I’m trying to get the hang of the mod_rewrite module of my Apache web server. This enables me to trap certain URLs or patterns of URLs and rewrite them to point somewhere different on the back end. This has two practical benefits:
- It makes migration from an old path or permalink scheme much easier to handle. You no longer have to maintain duplicate content at outdated addresses, or manually redirect people. Instead, the old address seamlessly transports the user to the new address.
- It frees you from the URL scheme automatically generated by your content managment system, many of which are notoriously ugly or unuseful.
For example, I’ve set up a site using the DeanSpace software, which is a slightly modified version of Drupal.
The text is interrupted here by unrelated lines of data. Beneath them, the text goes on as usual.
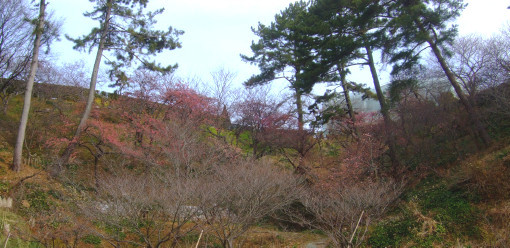 ≪梅＆舘山寺桜≫と≪福寿草≫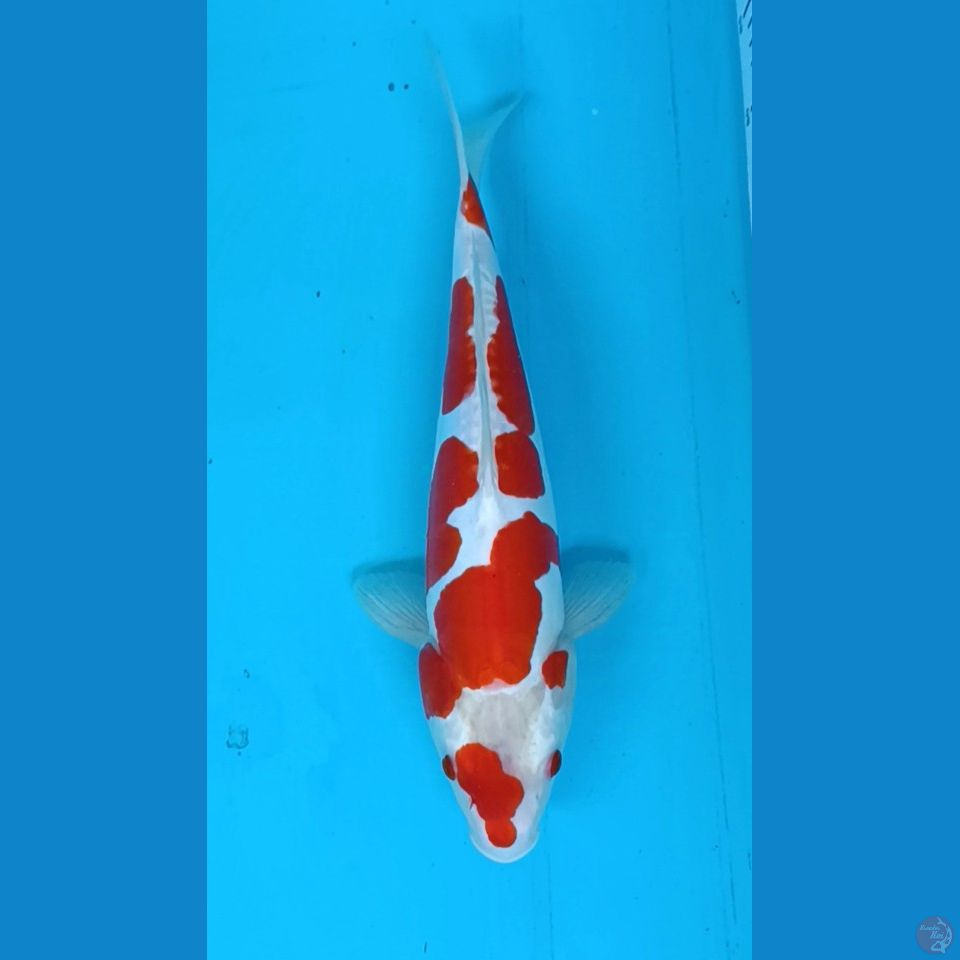 kohaku sanke Doitsu original 36cm/uncheck
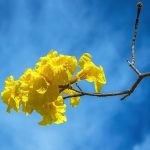 Inicio de primavera: Ambiente fresco al amanecer y calor extremo durante el día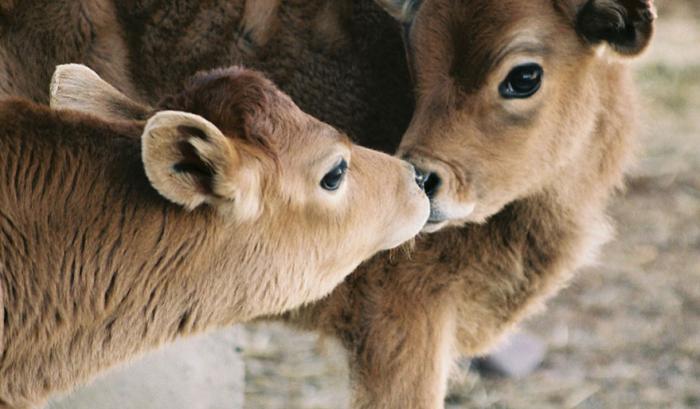 Ces adorables animaux se font des bisous, et ça nous donne envie de faire pareil | #5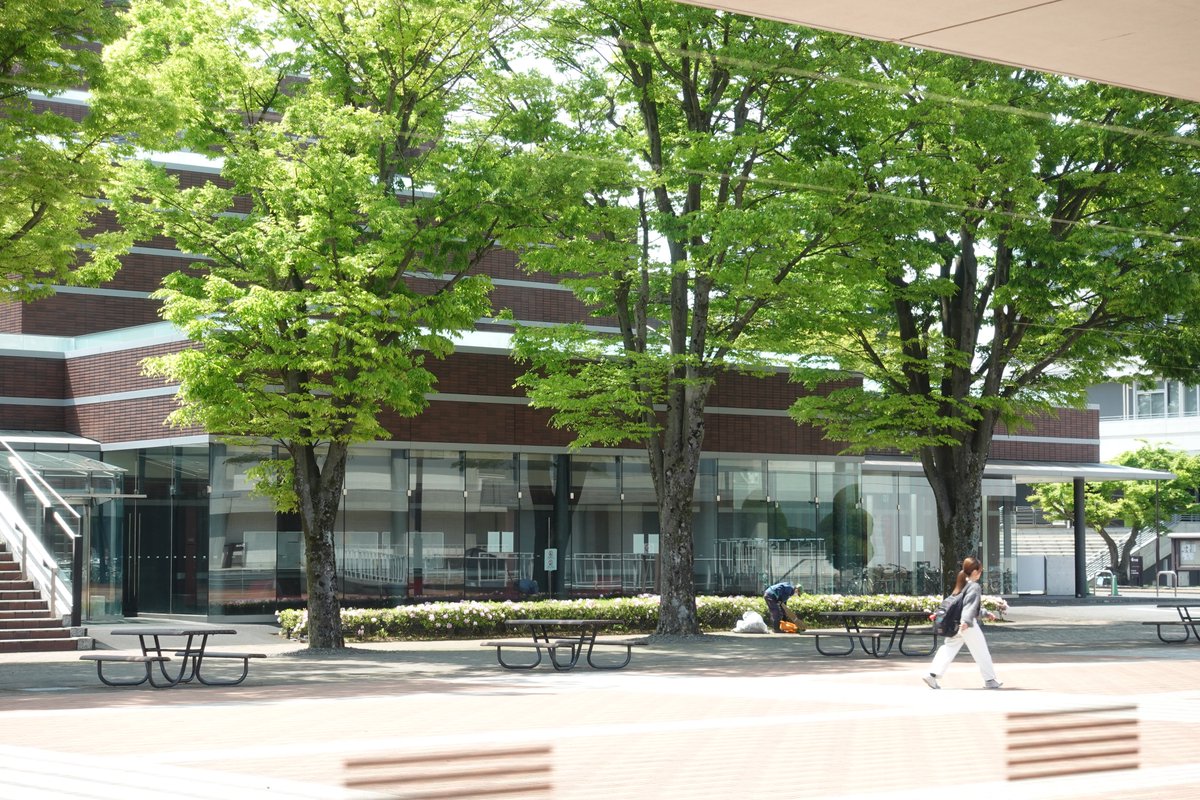 国立音楽大学 tweet media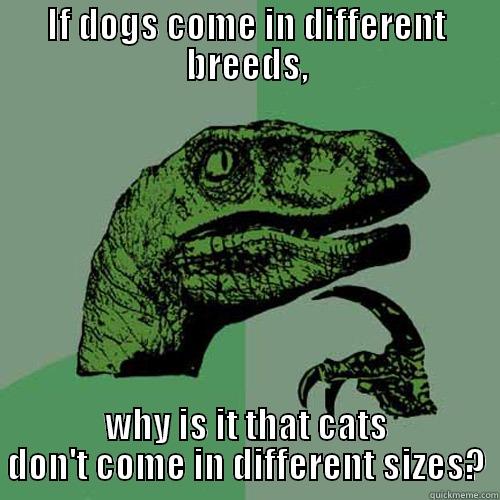 IF DOGS COME IN DIFFERENT BREEDS, WHY IS IT THAT CATS DON'T COME IN DIFFERENT SIZES? Philosoraptor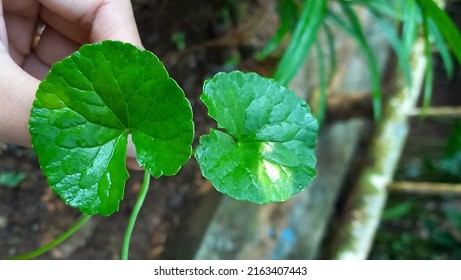 Centella Asiatica Is Good For Skin As Anti Aging, Moisturizing, Soothing And Healing. Centella Asiatica Grows In Tropical Area Likes Indonesia.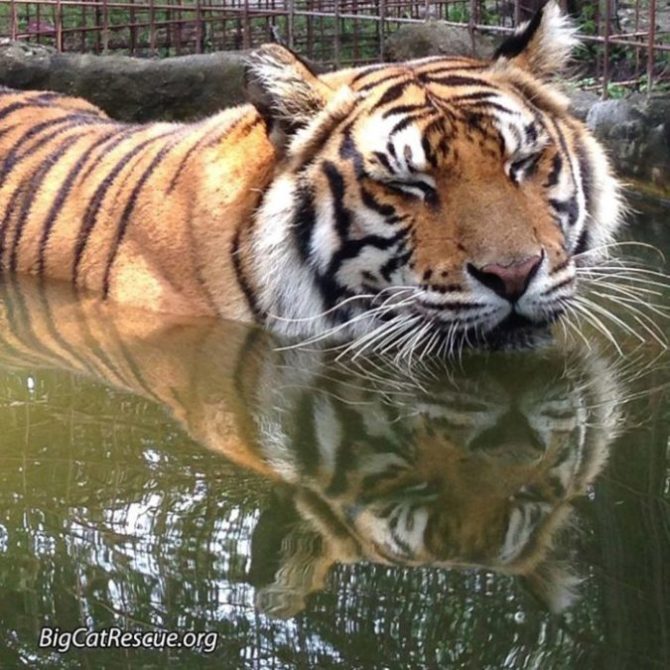 Priya Tiger can't decide if she wants to play in the pool or take a big cat nap. Photo by Sarah Copel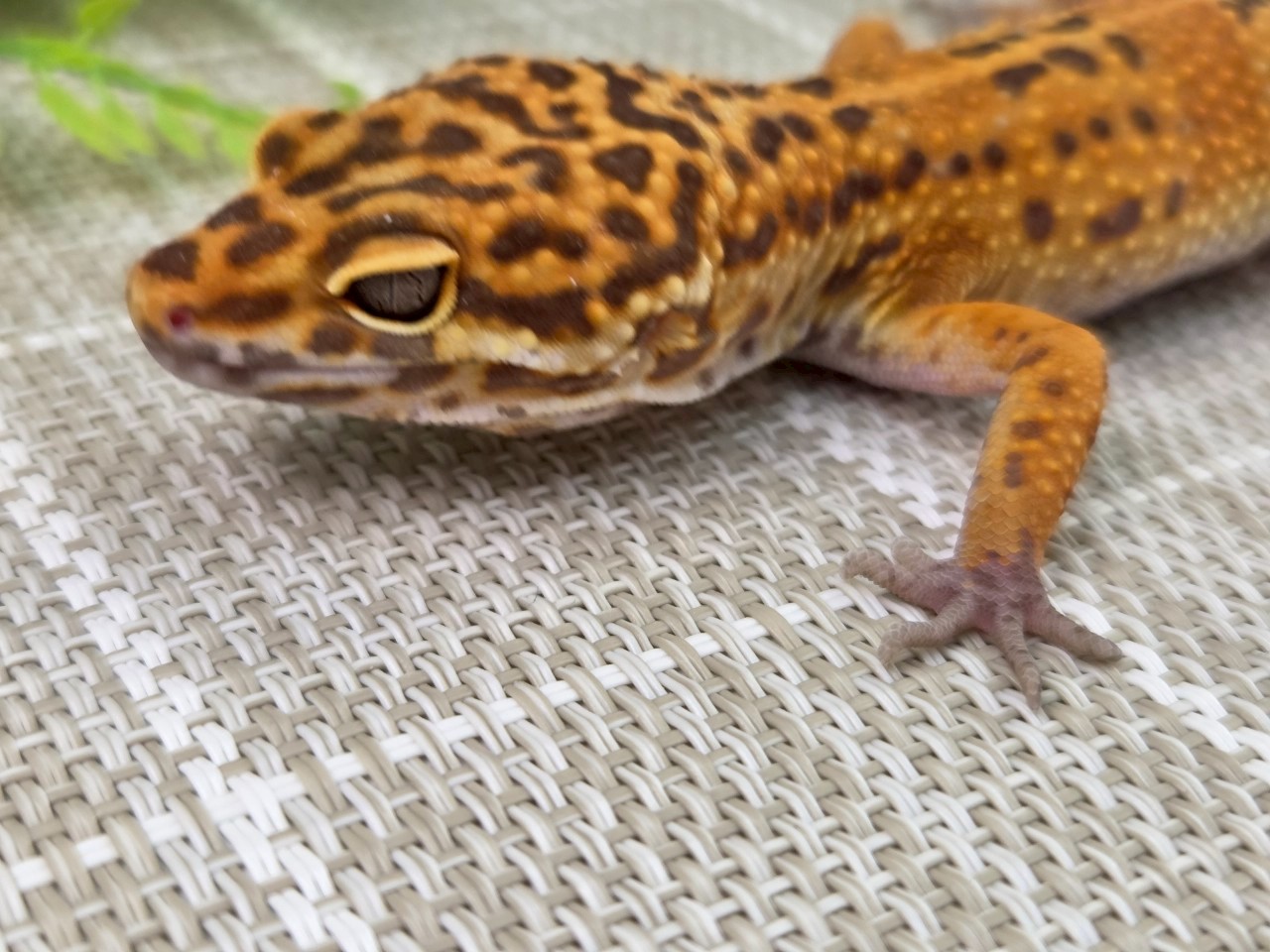 レッドダイヤモンド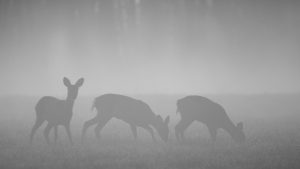 Natur in schwarzweiß und monochrom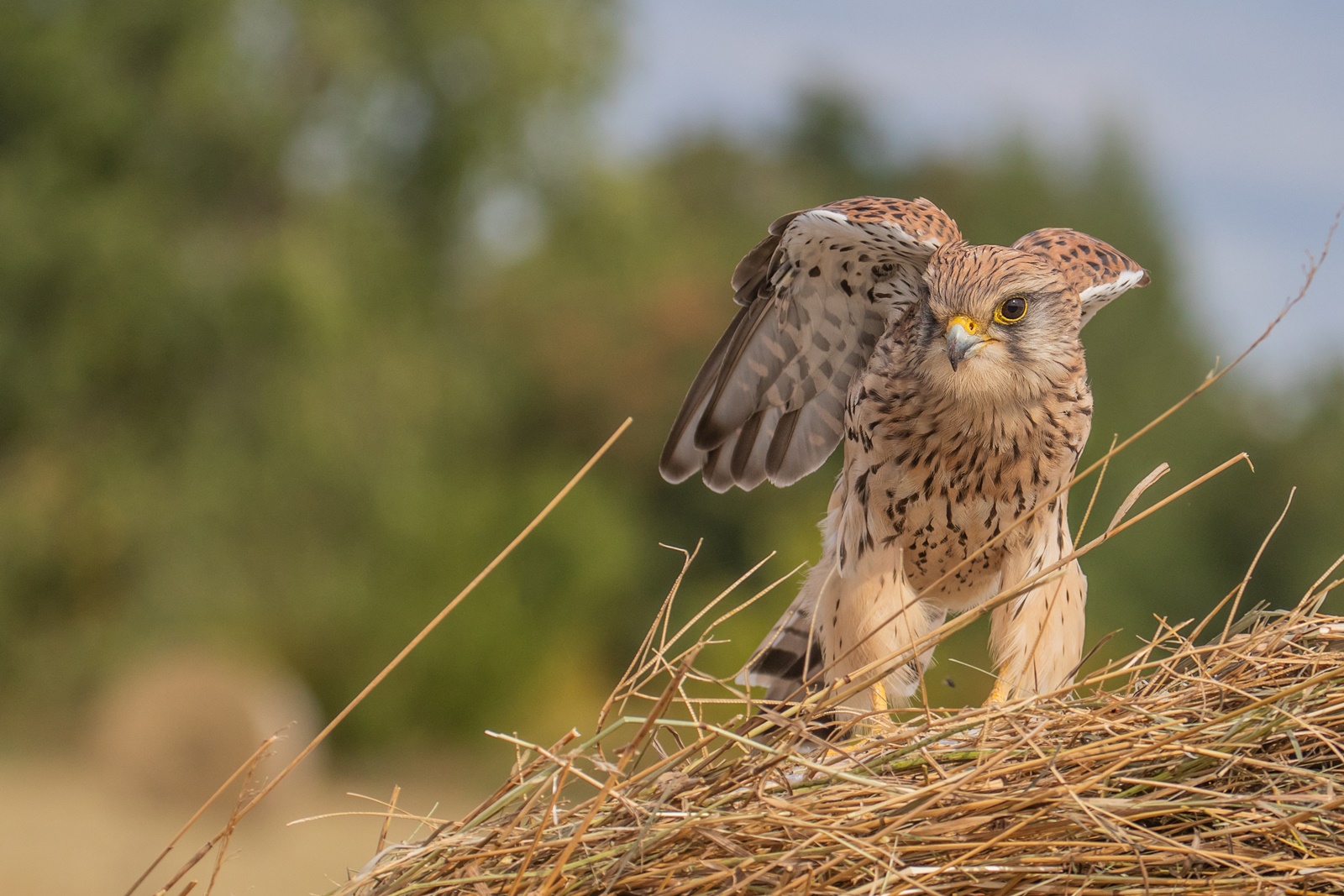 Turmfalke - w- Falco tinnunculus 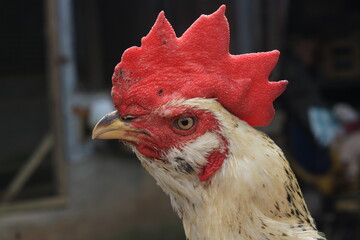 Close-up portrait of a white rooster with spotless feathers, a large upright red comb, sharp eyes, and crisp facial details in natural daylight © Opran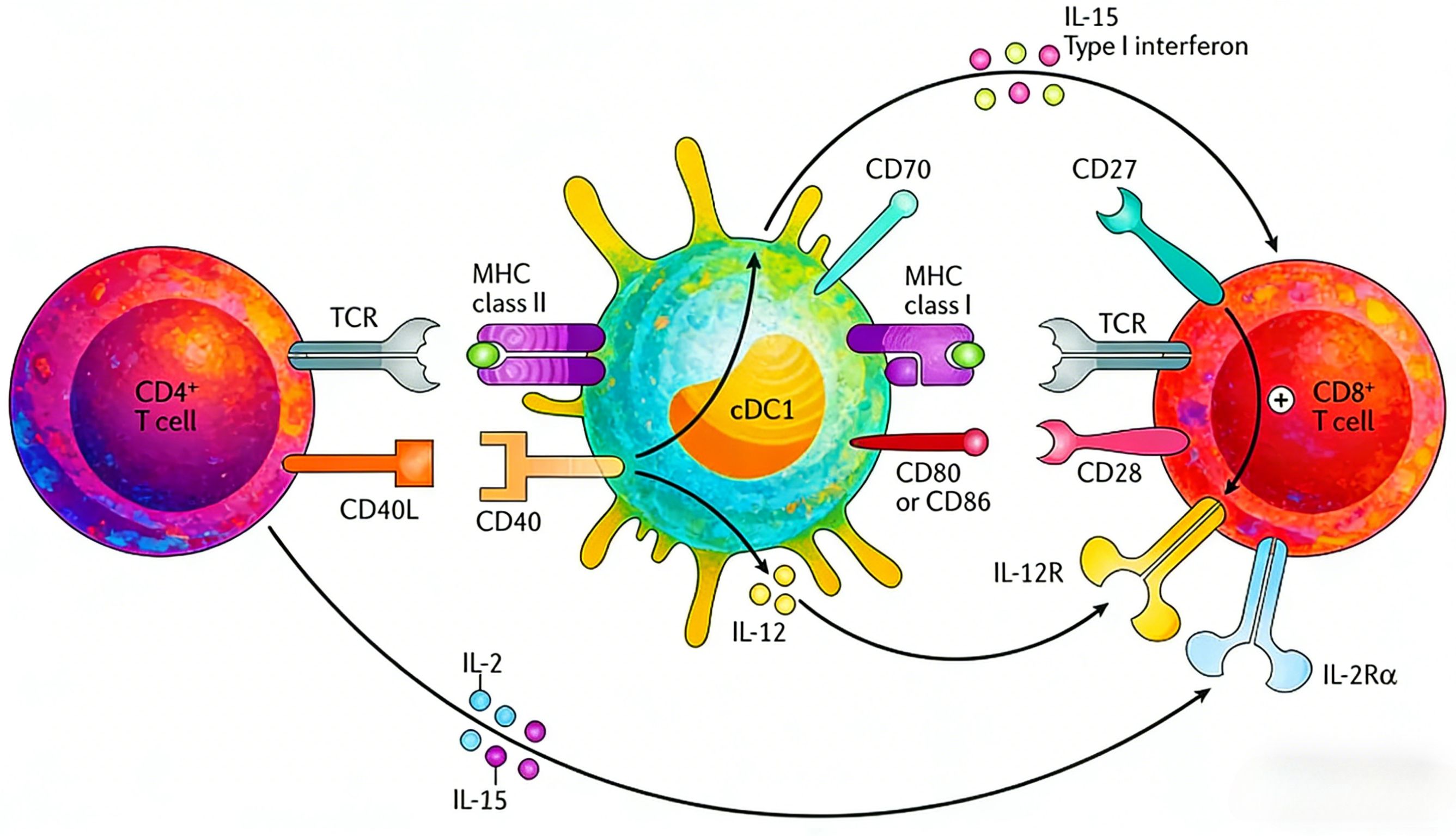 CD40L抗体如何调控免疫应答？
Drupal uses a “node” vocabulary that I find very geeky for ordinary users, and its URLs by default are of the form
http://root.address/node/#### (that is, the base URL, a geek word, and an arbitrary number), sometimes with
?=variable a bit of database or PHP query jargon tacked on the end to transform the view of the underlying data.
This is a URL scheme only an engineer could love.
I’d much rather signal the nature of the content, the place in the hierarchy (or taxonomy, or ontology), or at least some key date related to the “node,” such as the date it was created or last revised.
With mod_rewrite, I’ll be able to invent any URL scheme I can imagine, and more importantly I can make database-generates pages appear to be static files in a stable directory hierarchy, so that Google and other search engines will feel comfortable indexing them.
Here’s my problem, savvy use of mod_rewrite involves learning something I’ve tried to avoid as long as possible: regular expressions. (Cue jwz’s famous remark about regular expressions.)
Can anyone point me to a good primer for moderately dense poseurs such as myself?